Closed RMZ3 closed 3 years ago
Hi there,
It's a bit hard to say just from this output. Have you tried looking at what the topic words are? Are they reasonable?
It may be that using only 5 topics is finding broad themes that are common to many of the documents. I'd try using more topics to see if that helps sift the documents more.
You may also want to look at the attribute log_p_y_given_x
. If there's any numeric weirdness going on with exponentiation, then the log probabilities should be more stable.

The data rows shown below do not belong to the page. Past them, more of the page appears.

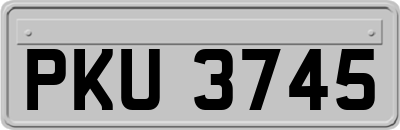 PKU3745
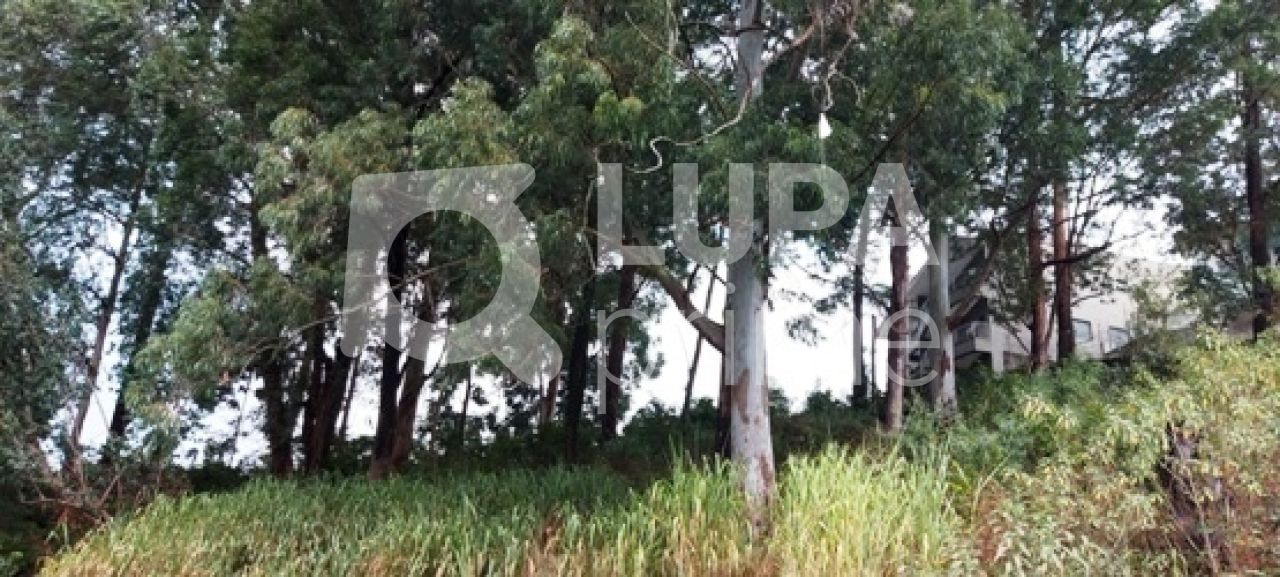 terreno-venda-sao-paulo-tucuruvi-858m2-LS12307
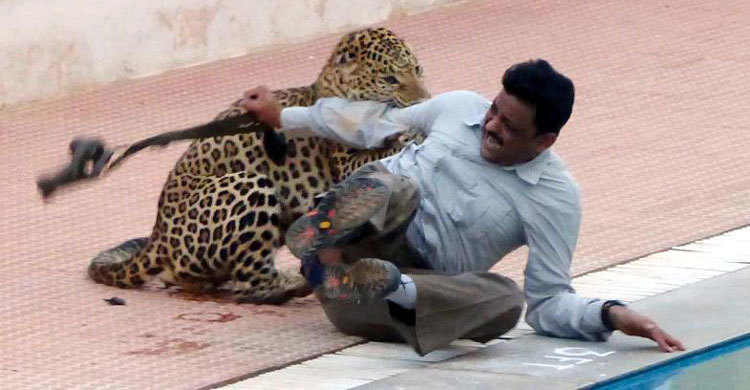 সেই স্কুলে আবার চিতাবাঘ (ভিডিও)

Generally, I'd say this is a difference between LDA topic models and CorEx topic models. In LDA, every document must be in a topic, and this is represented as a probability distribution over topics for each document. In CorEx, it is possible for documents to have all topics or none. For instance, you may find that a blank document, or a very short document, is in zero topics. In LDA, that document would get a mixture over the prior probability of topics. If this isn't desirable, one thing that may help is breaking up documents into relatively similar lengths. If some documents are very short they will end up with no topics, and long ones will contain words from all topics. By breaking up documents into sub-documents of, say a few hundred words, you may get better behavior.
Hello,
I'm running into a problem where some documents are not being labeled to any topic and some documents are being labeled to all the topics. When I check the probabilities using p_y_given_x, I get this (where n_hidden = 5):
[[9.99999e-01 1.00000e-06 1.00000e-06 1.00000e-06 9.99999e-01] [1.00000e-06 1.00000e-06 1.00000e-06 1.00000e-06 1.00000e-06] [1.00000e-06 1.00000e-06 1.00000e-06 1.00000e-06 1.00000e-06] ... [1.00000e-06 9.99999e-01 1.00000e-06 9.99999e-01 1.00000e-06] [9.99999e-01 9.99999e-01 1.00000e-06 9.99999e-01 9.99999e-01] [9.99999e-01 9.99999e-01 9.99999e-01 9.99999e-01 9.99999e-01]]
Any idea as to why this is happening?